━━━ Records provided ━━━
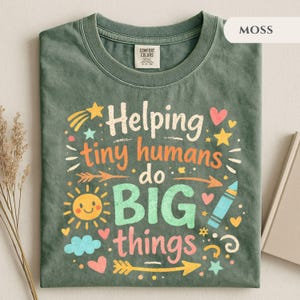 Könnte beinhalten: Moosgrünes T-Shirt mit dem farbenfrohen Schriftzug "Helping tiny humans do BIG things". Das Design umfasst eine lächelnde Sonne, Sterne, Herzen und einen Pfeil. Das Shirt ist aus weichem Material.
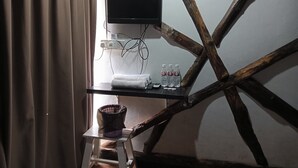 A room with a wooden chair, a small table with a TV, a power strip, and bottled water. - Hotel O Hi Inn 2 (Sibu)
━━━
━━━ Records provided ━━━
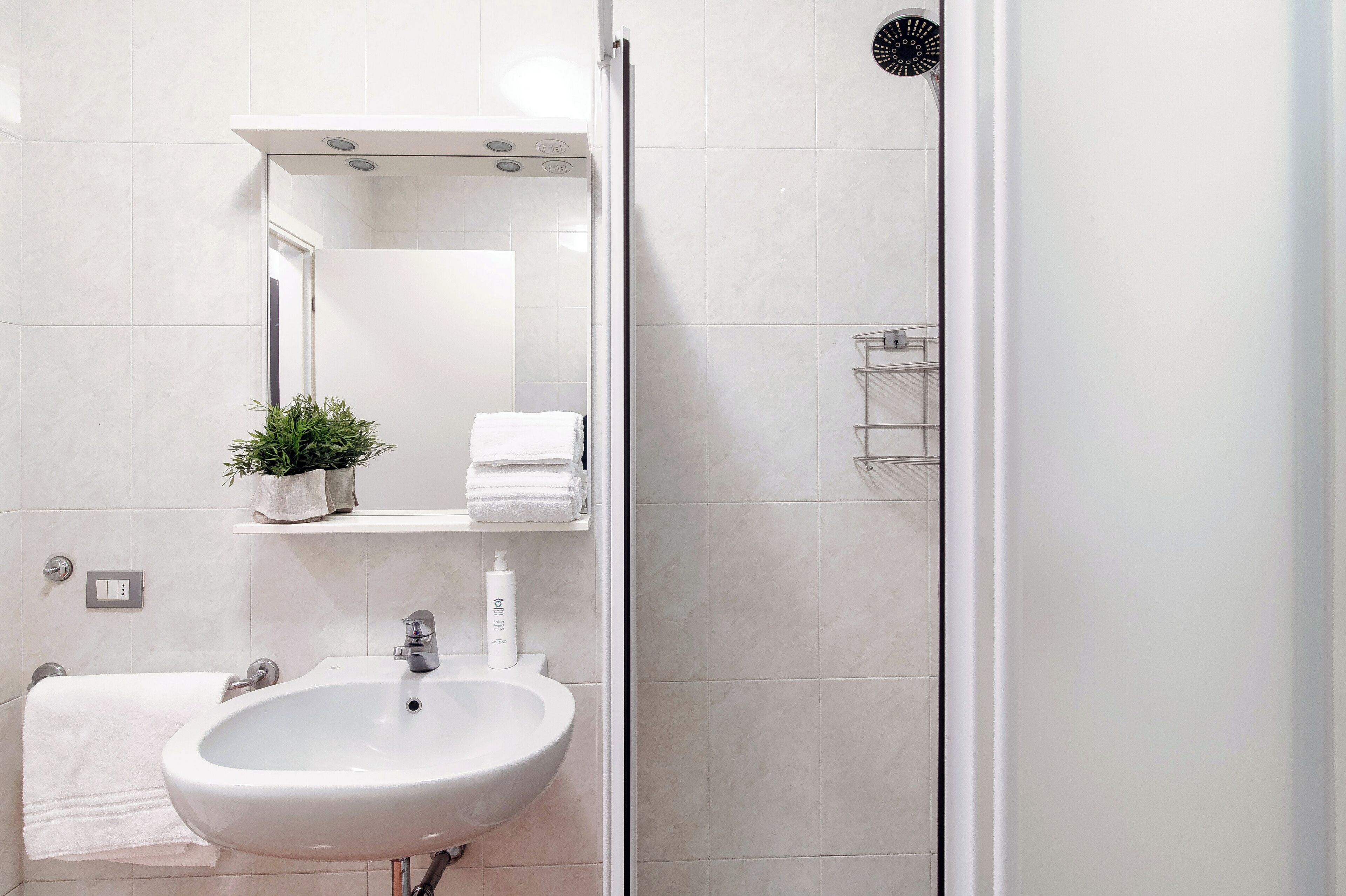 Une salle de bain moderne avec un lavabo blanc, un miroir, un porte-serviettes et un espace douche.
━━━
━━━ Records provided ━━━
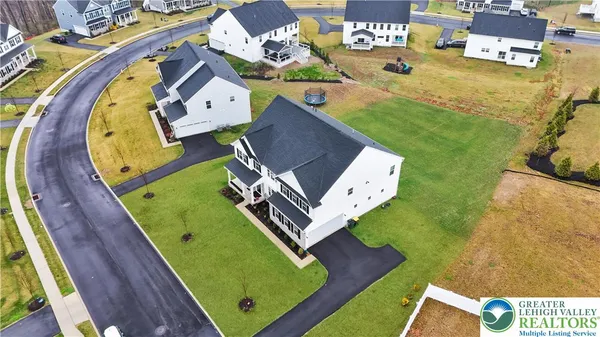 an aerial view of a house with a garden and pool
━━━
Skip every picture, and restate word for word only the lines above from the line containing "Könnte beinhalten: Moosgrünes" to the line containing "A room with", both of them included.

 Könnte beinhalten: Moosgrünes T-Shirt mit dem farbenfrohen Schriftzug "Helping tiny humans do BIG things". Das Design umfasst eine lächelnde Sonne, Sterne, Herzen und einen Pfeil. Das Shirt ist aus weichem Material.
 A room with a wooden chair, a small table with a TV, a power strip, and bottled water. - Hotel O Hi Inn 2 (Sibu)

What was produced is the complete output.